Directions: Both ends included, restate word for word the lines from the first line of the listing through the line containing "Shop Sleek Halter". Leave the pictures out.

----

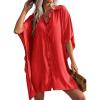 Ekouaer Women’s Swimsuit Cover Up 3/4 Sleeve Beachwear Bikini Coverups Button Down Oversized Cover Up Shirt S-3XL(Red)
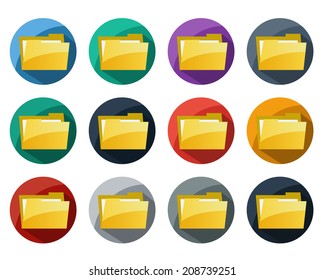 Set of Folder Icon Symbol with Colorful Background and Long Shadow
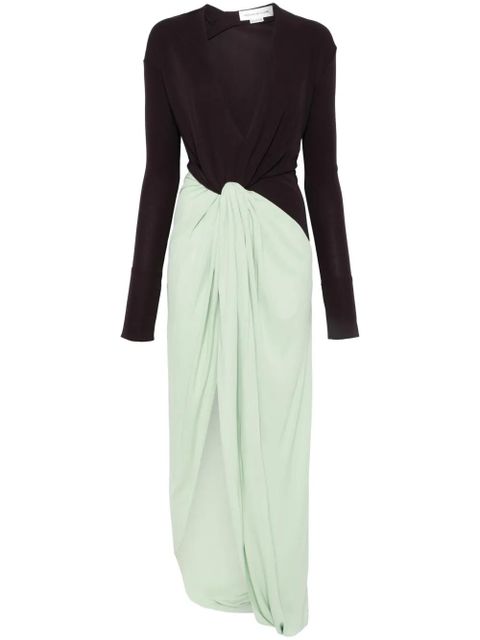 Victoria Beckham knot-detail jersey gown - Green - zdjęcie produktu nr 1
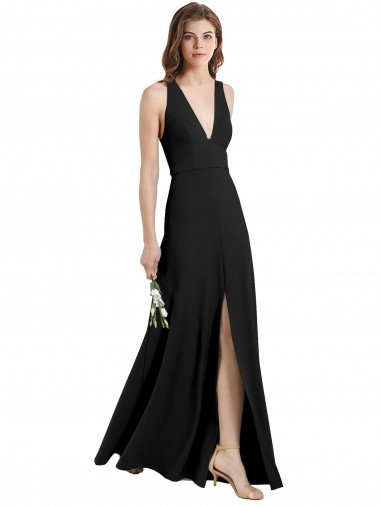 Shop Sleek Halter V-Neck Long A-Line Stretch Crepe Evening Dress with Front Slit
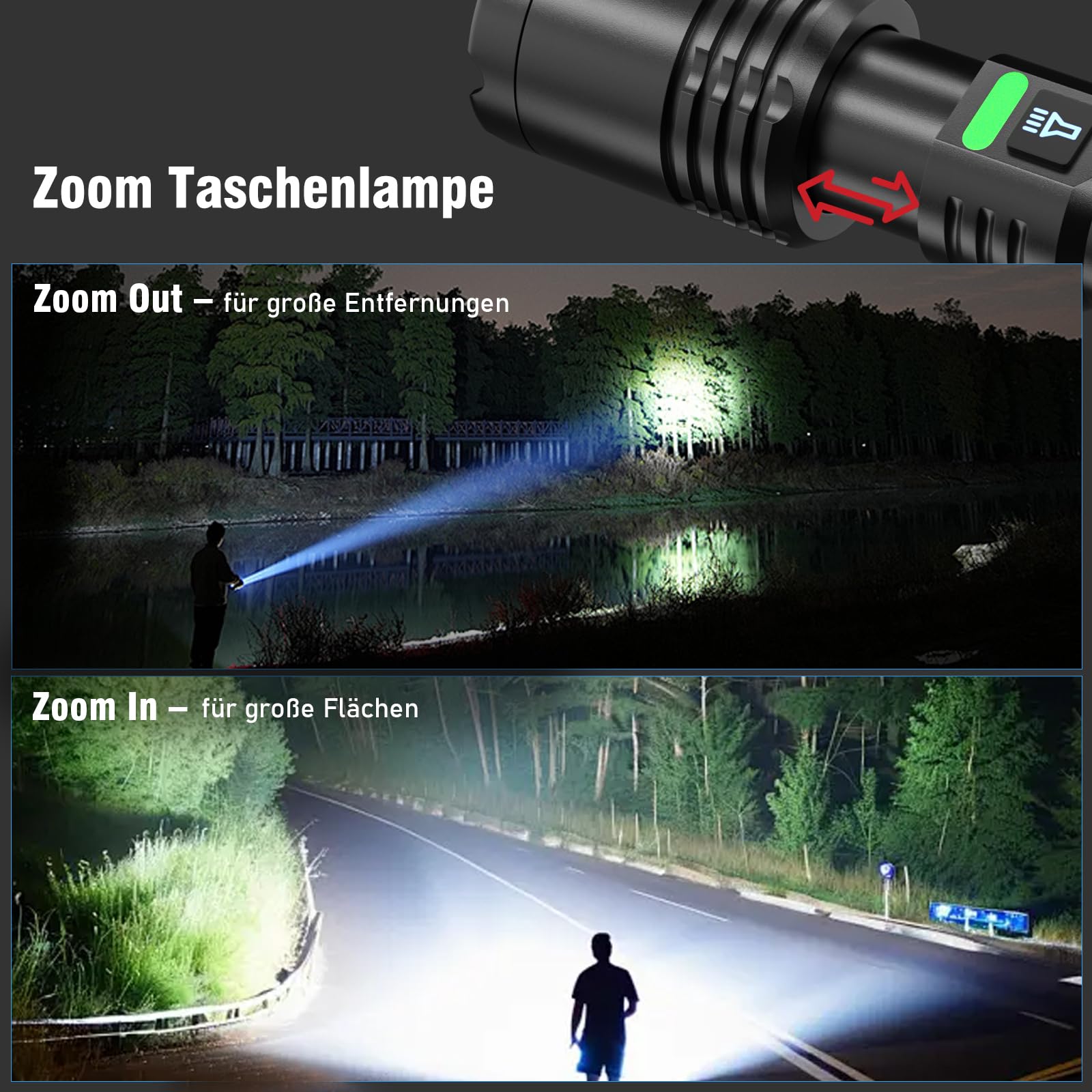 Shadowhawk 2 sztuki latarka LED do ładowania, 5000 lumenów, bardzo jasna latarka taktyczna z grubościenną aluminiową obudową (3 mm), 3 tryby, USB-C i klips – na kemping/na zewnątrz/w sytuacjach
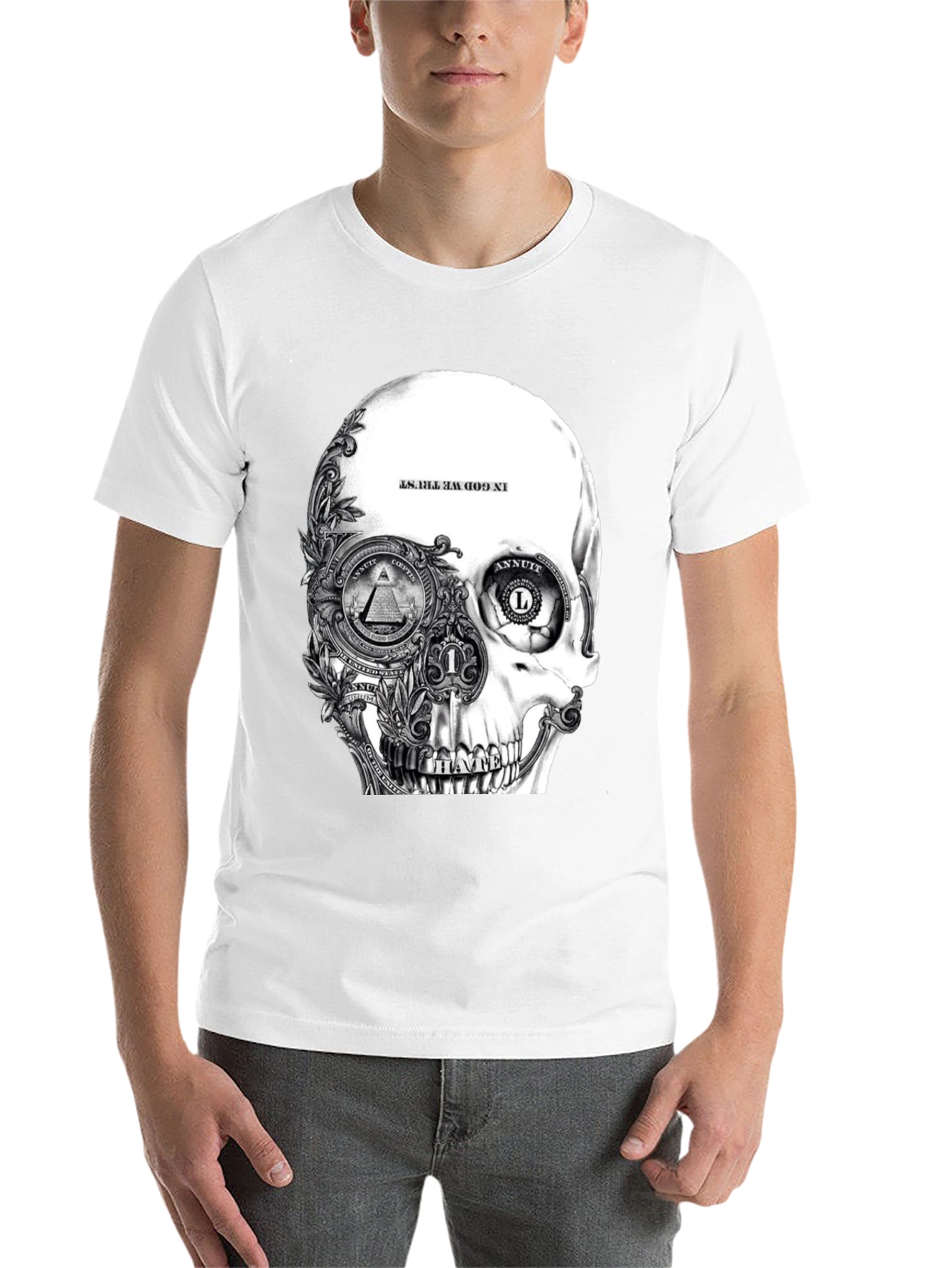 Black Skull & Money Graphic Print T-Shirt - Black view 14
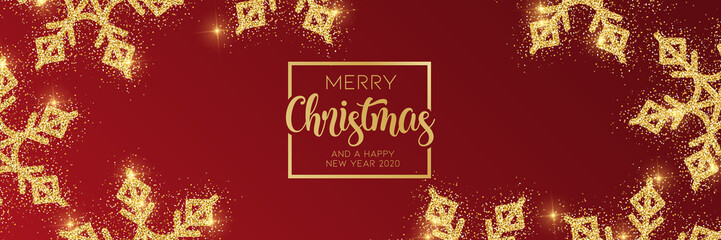 Weihnachtsbanner rot mit goldenen Schneeflocken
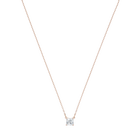 Attract Necklace, White, Rose-gold tone plated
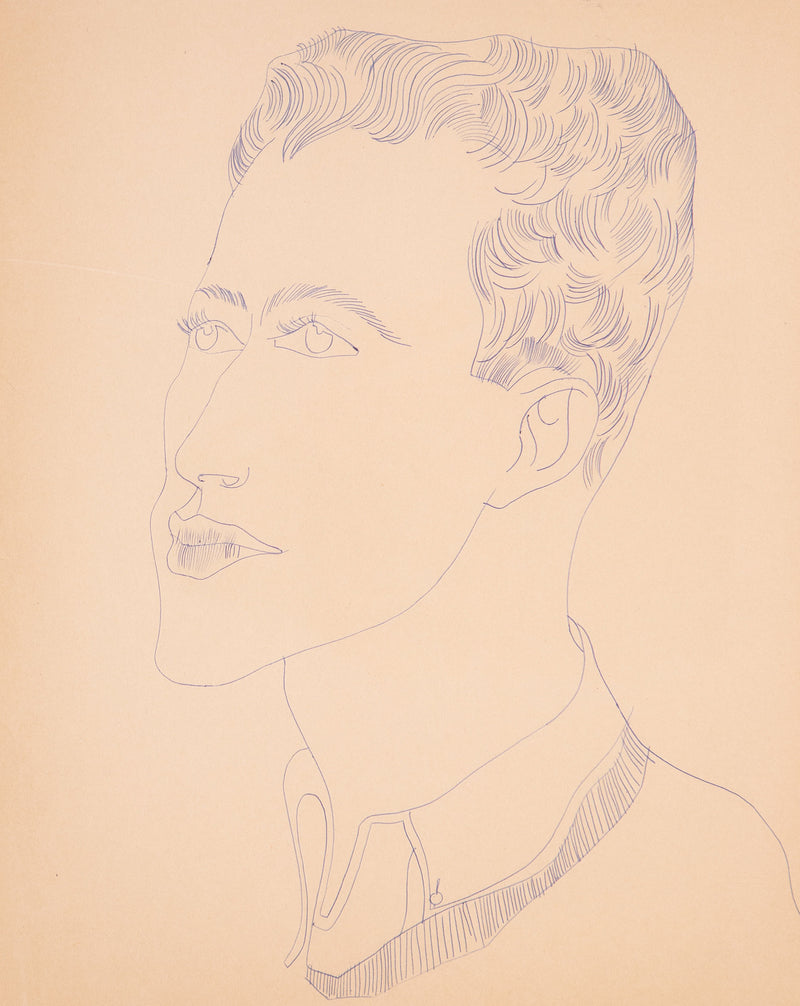 Andy Warhol original art for art collectors, available for sale,, American Art, Untitled "Portrait of a Young Man (Carlo)"  USA, Circa 1950  Blue ballpoint pen on manila paper  Stamped on verso by the Estate of Andy Warhol and the Andy Warhol Art Authentication Board, Inc. and numbered TOP200.111  16.25"H 13.75"W (work)  Very good condition.  Provenance: The Estate of Andy Warhol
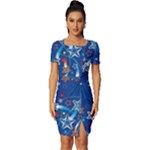 Christmas Stars Pattern Star Fitted Knot Split End Bodycon Dress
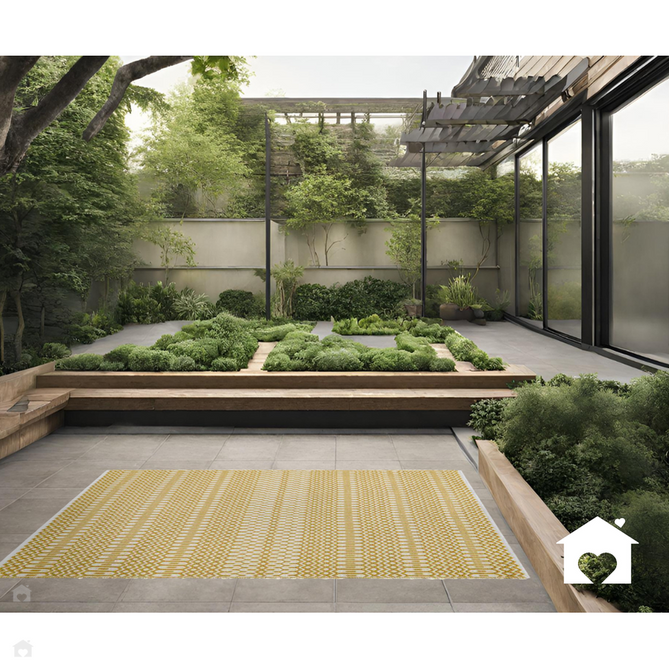Halsey Modern Geometric Durable Stain-Resistant Weatherproof Flatweave In-Outdoor Mustard Yellow Rug-Asiatic Carpets-Rug Love - The Most Loved Rug Store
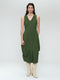 Ria WS strech technical jersey dress | Oliva green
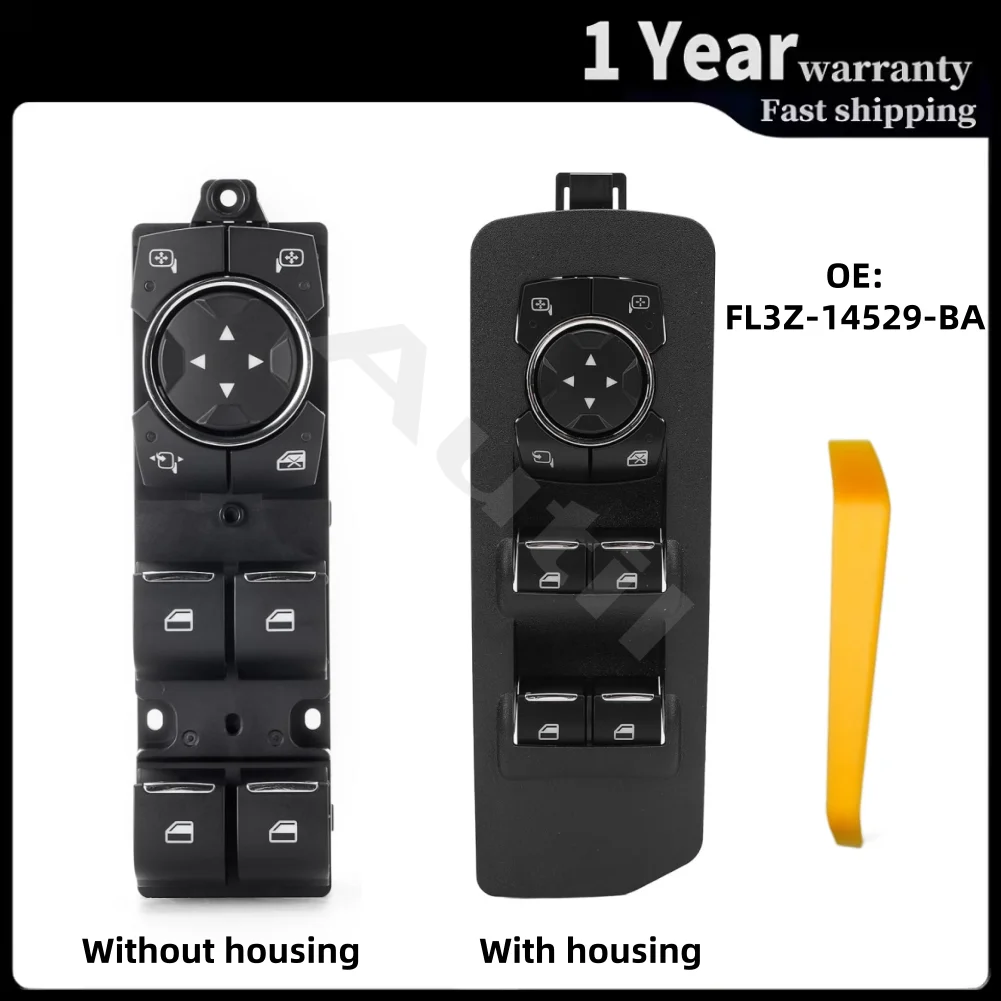 

For Ford F-150 2015-2021 FL3Z-14529-BA Front Left Driver Side Master Power Window Switch Without Panel Glass Lifter Button
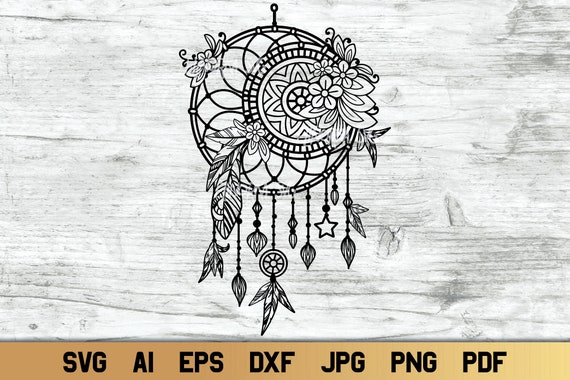 Download Dream Catcher Svg Floral Mandala Dreamcatcher Svg Boho Etsy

----

Answer to this task:
 Ekouaer Women’s Swimsuit Cover Up 3/4 Sleeve Beachwear Bikini Coverups Button Down Oversized Cover Up Shirt S-3XL(Red)
 Set of Folder Icon Symbol with Colorful Background and Long Shadow
 Victoria Beckham knot-detail jersey gown - Green - zdjęcie produktu nr 1
 Shop Sleek Halter V-Neck Long A-Line Stretch Crepe Evening Dress with Front Slit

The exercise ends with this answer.